US Department of Labor Announces Higher Penalties for Labor Violators

Derek Jones

Derek Jones

VP of Business Development, Deputy Americas

January 08, 2018

US Department of Labor Announces Higher Penalties for Labor Violators

Derek Jones, VP of Business Development, Deputy Americas
January 08, 2018

U.S Department of Labor announces higher penalties for labor violators

The Department of Labor (DOL) announced a 2% increase in penalties levied against employers that violate the Occupational Safety and Health Administration’s (OSHA) labor regulations.

This marks the second adjustment in under two years and both hikes were implemented in order to comply with the Inflation Adjustment Act. The new penalties will be applied to any violation of the OSHA rules or standards that occurs after January 2, 2018.

In August of 2016, the DOL instituted a 78% increase in OSHA penalties–a radical departure from over two decades of unchanged rates. The DOL raised the fines to match inflation and mandated that a recurring increase be assessed in January every year. This increase is pegged to the inflation rate measured by the Consumer Price Index.

What are the changes?

OSHA categorizes fines by their severity and neglect. Violations are either “not serious,” “serious,” or “willful.” Additionally, a failure to correct a previous violation during the abatement period or a repetition of a previous offense will result in additional fines. Here’s a quick breakdown of the new fines:

ViolationPenalties As Of January 2, 2018
A “Not Serious” violation of OSHA Rules or StandardsUp to $12,934
A “Serious” violation of OSHA Rules or Standards Up to $12,934
A “Willful” violation of OSHA Rules or Standards  Minimum of $9,239 up to $129,336
A repeat violation of OSHA Rules or Standards Up to $129,336
Failure to correct a violationUp to $12,934 for each day the condition continues
A violation of posting requirementsUp to $12,934

This year’s 2% increase might not seem like much, but it’s important to keep in mind that in 2016 fines were already increased by 78%. That means that where a maximum penalty was once $7,000 two years ago, it’s now $12,934.

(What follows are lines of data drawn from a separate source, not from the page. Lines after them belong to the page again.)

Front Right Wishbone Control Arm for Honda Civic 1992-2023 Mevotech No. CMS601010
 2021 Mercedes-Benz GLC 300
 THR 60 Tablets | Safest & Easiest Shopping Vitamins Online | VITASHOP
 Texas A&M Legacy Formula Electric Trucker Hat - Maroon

What employers should do to avoid fines like these:

Some of the largest penalties imposed on businesses are the result of scheduling failures and oversight mishaps. OSHA mandates that businesses under their regulatory jurisdiction assign tasks to the appropriate personnel. Employees are categorized in a number of ways such as “competent,” “qualified,” “authorized” and, “certified.”

The citation notices issued by OSHA are public record and informal and formal training requirements strictly adhere. When polled, employers often indicate that adhering OSHA regulations is one of their greatest challenges.

Since it is impossible to predict when an OSHA Compliance Officer will show up for an inspection, your best bet is to be proactive about scheduling and record-keeping. The best way to do this is with Deputy’s all-in-one and cloud-based employee management system. By utilizing such a program to schedule your employees for the proper tasks, you’re not only proactively avoiding costly (and potentially life-threatening mistakes), but you’re also establishing an electronic record of good behavior. To learn more, book a demo with our team below:

Book a Demo Today

That’s crucial since OSHA penalties are somewhat discretionary and area directors are able to adjust the fines downward by as much as 95%. Adjustments are based on a number of qualifications, but chief among them is evidence of good faith. Finally, and above all else, employers should always ask for an “informal conference” when they have issued a citation. If you’re using the right tools to track your employee assignments and have thoroughly documented their assorted tasks along the way, an honest mistake will be readily understood.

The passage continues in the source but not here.